Updates the iteration vector x for the Jacobi iteration according to x=x+d.

*(b-t) where d is the diagonal of the system matrix A and t=Ax.

Parameters

[in]	t	magma_c_matrix t = A*x
[in]	b	magma_c_matrix RHS b
[in]	d	magma_c_matrix vector with diagonal entries
[out]	x	magma_c_matrix* iteration vector
[in]	queue	magma_queue_t Queue to execute in.

magma_cjacobispmvupdate()

magma_int_t magma_cjacobispmvupdate	(	magma_int_t	maxiter,
		magma_c_matrix	A,
		magma_c_matrix	t,
		magma_c_matrix	b,
		magma_c_matrix	d,
		magma_c_matrix *	x,
		magma_queue_t	queue )

Updates the iteration vector x for the Jacobi iteration according to x=x+d.

*(b-Ax)

Parameters

[in]	maxiter	magma_int_t number of Jacobi iterations
[in]	A	magma_c_matrix system matrix
[in]	t	magma_c_matrix workspace
[in]	b	magma_c_matrix RHS b
[in]	d	magma_c_matrix vector with diagonal entries
[out]	x	magma_c_matrix* iteration vector
[in]	queue	magma_queue_t Queue to execute in.

magma_cgemvmdot_shfl()

magma_int_t magma_cgemvmdot_shfl	(	magma_int_t	n,
		magma_int_t	k,
		magmaFloatComplex_ptr	v,
		magmaFloatComplex_ptr	r,
		magmaFloatComplex_ptr	d1,
		magmaFloatComplex_ptr	d2,
		magmaFloatComplex_ptr	skp,
		magma_queue_t	queue )

This is an extension of the merged dot product above by chunking the set of vectors v_i such that the data always fits into cache.

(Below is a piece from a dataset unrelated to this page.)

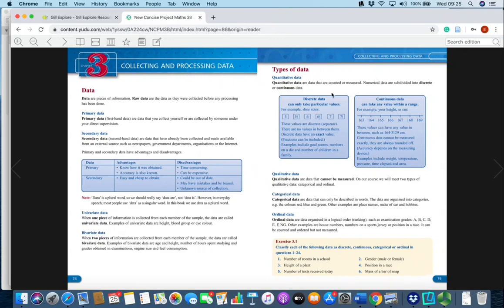Discrete data goes up in step sizes — it can only take on particular values. Shoe sizes are an easy example: you can be size five, five and a half, six, six and a half, so the step size is half a size, but you can't be a shoe size of 5.1. Other examples of discrete data are the number of children in a family — that's set whole numbers — or the number of goals scored in a match — again, set numbers.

It is equivalent to a matrix vecor product Vr where V contains few rows and many columns. The computation is the same:

skp = ( <v_0,r>, <v_1,r>, .. )

Returns the vector skp.

Parameters

[in]	n	int length of v_i and r
[in]	k	int

vectors v_i

Parameters

[in]	v	magmaFloatComplex_ptr v = (v_0 .. v_i.. v_k)
[in]	r	magmaFloatComplex_ptr r
[in]	d1	magmaFloatComplex_ptr workspace
[in]	d2	magmaFloatComplex_ptr workspace
[out]	skp	magmaFloatComplex_ptr vector[k] of scalar products (<v_i,r>...)
[in]	queue	magma_queue_t Queue to execute in.